ACTION ITEM.
Copy exactly the lines of the data below that run from the line holding "Flag on the beach, Cancun, Mexico" through the line holding "A smiling happy", both ends included.

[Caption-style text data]
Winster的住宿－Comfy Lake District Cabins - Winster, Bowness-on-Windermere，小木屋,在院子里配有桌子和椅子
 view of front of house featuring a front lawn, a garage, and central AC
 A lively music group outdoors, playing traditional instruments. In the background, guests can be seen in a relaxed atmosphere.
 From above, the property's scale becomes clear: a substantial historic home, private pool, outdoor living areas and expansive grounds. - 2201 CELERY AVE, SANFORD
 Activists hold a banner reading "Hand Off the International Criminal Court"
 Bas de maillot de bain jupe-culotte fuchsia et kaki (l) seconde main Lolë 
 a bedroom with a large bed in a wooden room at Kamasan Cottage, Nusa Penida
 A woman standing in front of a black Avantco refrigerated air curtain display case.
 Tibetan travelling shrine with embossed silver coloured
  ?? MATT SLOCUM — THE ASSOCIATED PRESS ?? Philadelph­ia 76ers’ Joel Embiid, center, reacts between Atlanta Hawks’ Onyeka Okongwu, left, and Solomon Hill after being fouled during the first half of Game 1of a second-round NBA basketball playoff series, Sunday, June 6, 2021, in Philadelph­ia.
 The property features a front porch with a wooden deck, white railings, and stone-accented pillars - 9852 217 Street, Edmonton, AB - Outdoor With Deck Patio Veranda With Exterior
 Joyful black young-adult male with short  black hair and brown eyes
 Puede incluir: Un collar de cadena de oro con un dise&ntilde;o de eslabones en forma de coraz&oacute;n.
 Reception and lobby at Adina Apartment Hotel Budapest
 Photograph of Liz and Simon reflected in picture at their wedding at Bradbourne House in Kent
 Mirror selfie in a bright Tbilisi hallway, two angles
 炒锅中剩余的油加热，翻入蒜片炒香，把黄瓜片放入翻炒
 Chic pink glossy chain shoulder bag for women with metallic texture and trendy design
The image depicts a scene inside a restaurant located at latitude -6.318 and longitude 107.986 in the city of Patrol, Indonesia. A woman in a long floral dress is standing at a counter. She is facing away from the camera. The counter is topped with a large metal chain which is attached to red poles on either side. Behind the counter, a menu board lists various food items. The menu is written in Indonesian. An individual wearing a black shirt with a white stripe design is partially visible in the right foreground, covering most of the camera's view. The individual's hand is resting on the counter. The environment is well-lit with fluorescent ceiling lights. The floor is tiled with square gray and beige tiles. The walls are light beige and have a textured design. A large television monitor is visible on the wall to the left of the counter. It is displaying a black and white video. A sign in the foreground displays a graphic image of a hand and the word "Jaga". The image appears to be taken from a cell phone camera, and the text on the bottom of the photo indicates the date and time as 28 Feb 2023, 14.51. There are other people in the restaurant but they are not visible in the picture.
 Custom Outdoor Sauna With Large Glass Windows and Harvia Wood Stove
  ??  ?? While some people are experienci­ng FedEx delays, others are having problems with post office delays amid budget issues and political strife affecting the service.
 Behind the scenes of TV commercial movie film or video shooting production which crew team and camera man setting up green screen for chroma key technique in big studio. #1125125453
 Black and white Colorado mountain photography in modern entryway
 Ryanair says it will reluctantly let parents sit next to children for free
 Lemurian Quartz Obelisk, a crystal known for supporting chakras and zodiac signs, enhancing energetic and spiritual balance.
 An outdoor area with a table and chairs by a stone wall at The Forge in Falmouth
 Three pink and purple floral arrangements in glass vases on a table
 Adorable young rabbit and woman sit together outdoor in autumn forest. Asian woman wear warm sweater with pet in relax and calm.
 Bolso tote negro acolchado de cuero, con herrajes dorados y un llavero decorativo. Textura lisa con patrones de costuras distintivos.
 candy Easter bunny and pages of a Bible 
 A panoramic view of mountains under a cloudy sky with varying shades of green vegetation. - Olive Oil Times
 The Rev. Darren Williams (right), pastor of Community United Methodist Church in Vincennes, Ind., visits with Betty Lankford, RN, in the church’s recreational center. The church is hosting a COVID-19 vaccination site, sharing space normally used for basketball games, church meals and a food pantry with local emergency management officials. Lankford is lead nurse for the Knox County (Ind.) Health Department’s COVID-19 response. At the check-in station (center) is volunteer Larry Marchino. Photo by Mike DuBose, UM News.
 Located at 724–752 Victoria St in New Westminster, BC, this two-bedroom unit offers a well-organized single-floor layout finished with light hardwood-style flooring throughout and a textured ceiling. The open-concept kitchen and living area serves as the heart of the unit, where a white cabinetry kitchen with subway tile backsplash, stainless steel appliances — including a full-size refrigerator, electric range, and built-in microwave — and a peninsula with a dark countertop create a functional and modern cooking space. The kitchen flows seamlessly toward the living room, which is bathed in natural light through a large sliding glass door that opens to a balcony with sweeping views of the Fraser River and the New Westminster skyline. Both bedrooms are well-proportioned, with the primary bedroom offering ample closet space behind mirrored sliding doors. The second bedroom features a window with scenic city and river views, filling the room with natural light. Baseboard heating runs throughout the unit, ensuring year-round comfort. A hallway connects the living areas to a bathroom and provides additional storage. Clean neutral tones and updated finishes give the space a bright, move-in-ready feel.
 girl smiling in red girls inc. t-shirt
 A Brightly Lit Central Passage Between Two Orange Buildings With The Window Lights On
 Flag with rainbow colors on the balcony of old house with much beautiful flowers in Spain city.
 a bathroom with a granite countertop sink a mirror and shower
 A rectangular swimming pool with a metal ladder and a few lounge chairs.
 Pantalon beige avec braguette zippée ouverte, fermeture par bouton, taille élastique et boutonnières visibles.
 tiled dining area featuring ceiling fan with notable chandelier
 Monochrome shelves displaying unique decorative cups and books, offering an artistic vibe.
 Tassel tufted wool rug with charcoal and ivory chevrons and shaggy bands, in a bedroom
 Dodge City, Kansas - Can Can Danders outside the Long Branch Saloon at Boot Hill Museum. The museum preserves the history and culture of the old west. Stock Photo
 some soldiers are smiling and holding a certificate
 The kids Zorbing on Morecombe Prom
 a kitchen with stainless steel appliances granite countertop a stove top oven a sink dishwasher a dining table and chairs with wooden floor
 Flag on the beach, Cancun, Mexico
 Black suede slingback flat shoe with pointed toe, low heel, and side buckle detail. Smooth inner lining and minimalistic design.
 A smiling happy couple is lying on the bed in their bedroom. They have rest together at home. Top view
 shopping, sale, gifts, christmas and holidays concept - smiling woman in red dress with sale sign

YOUR SOLUTION.
 Flag on the beach, Cancun, Mexico
 Black suede slingback flat shoe with pointed toe, low heel, and side buckle detail. Smooth inner lining and minimalistic design.
 A smiling happy couple is lying on the bed in their bedroom. They have rest together at home. Top view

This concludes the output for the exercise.